American financial houses have capital many times greater than their British competitiors. There is fear that in no-holds-barred competition the US firms could swamp the British. Already American spending has sparked the merger wave, the building boom, and the run-up in salaries.

At a time of falling oil prices and high unemployment, however, whatever brings in money is welcomed.

``The invisible earnings capacity of the City continually props up the balance of payments,'' a Treasury official says. ``We're only too happy for it to be a thriving financial center.'' Caveat emptor

Besides the obvious quality-of-life advantages, there are time-zone and other reasons American firms are rushing into London. One important factor: Britain does not have an equivalent of the US Glass-Steagall Act, which prevents banks from engaging in bond and stock underwriting. US banks can come to Britain and engage in investment banking, floating shares worldwide, including back home in the US.

Speaking discreetly on background, officials of the Treasury and the Bank of England, both instrumental in supervising the banking and securities businesses, concede there are glitches still to be fixed. Most involve the international aspect of the business.

For example, if US firms are doing more and more public offerings in Britain, will a British prospectus be good enough? How about the immensely detailed annual reports required by the US Securities and Exchange Commission? How about time lags in clearing transactions? Insider trading?

The ruling Conservative Party prefers that this newly competitive City have ``self-regulation within a statutory framework'' -- much as the US National Association of Security Dealers is self-regulating. The theory is that government could scarcely keep up with the flurry of activity, that it is in the interest of the financial services industry to do business aboveboard, and that the buyer must always beware.

``Market forces provide the best means of ensuring that an industry meets the needs of its customers,'' says a government white paper on financial services.

New banking supervision and financial services bills are making their way through Parliament, and bilateral negotiations are going on with US and Japanese stock exchanges and banking and securities regulators to work these matters out.

Politically, the big bang appears irreversible.

Although they differ with the Tory government on financial policy matters such as privatization, taxation, and exchange controls -- which affect the City in various ways -- even opposition Labour and Social Democratic Parties agree on opening up the City.

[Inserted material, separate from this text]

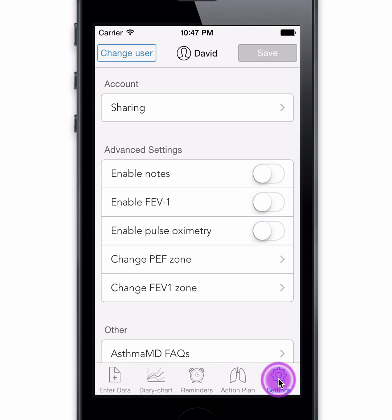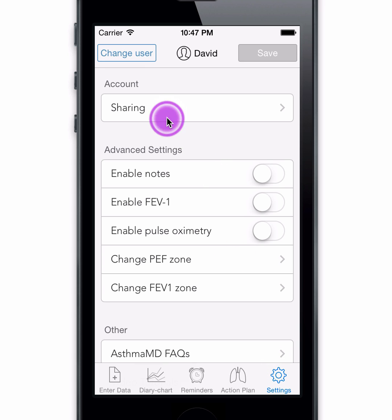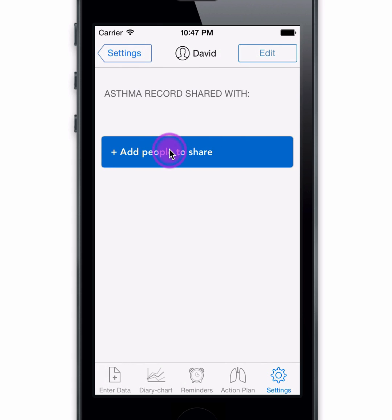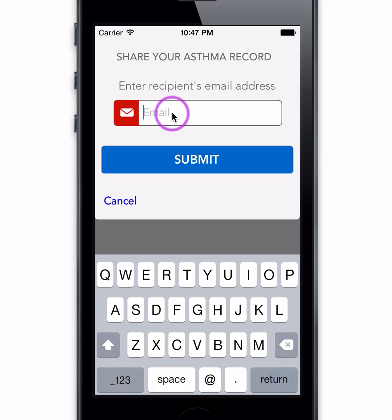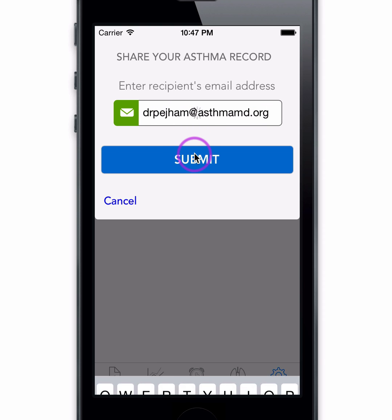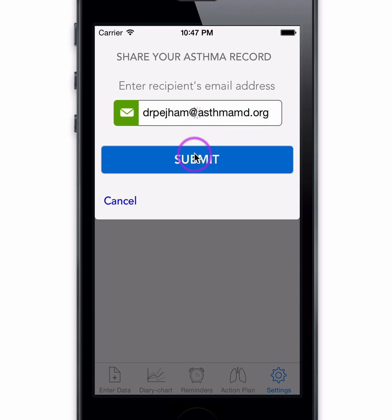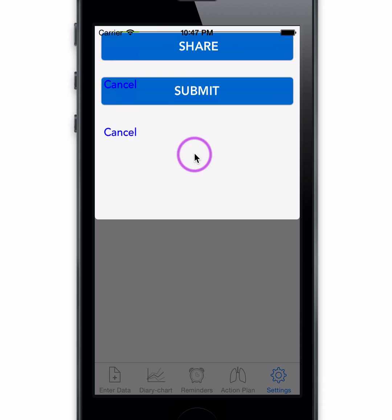To further customize AsthmaMD, visit the settings page. Sharing allows remote monitoring of your asthma data. This will give continuous access to your asthma data by your selected recipient via the MyAsthmaMD secure portal.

The main difference is that the opposition tends to favor stricter regulation, more along the lines of the American Securities and Exchange Commission. At the center

One of London's biggest advantages is that it sits astride the prime meridian.

During some portion of daylight hours in London, every other major financial center is open for business: Tokyo, Hong Kong, and Singapore in the early hours. Then Western European bourses. Then New York, Chicago, San Francisco.

``London will be the non-American headquarters'' of the global stock market, says Mr. Raven. ``Because of the time zones, there's already heavy activity here in international and American securities.''

But there is much more to what goes on in the City that just synchronizing timepieces. It is already the world center of currency trading and is one of the biggest players in the Eurobond market. Come October, London will be positioned to play a leading role in the world equity business.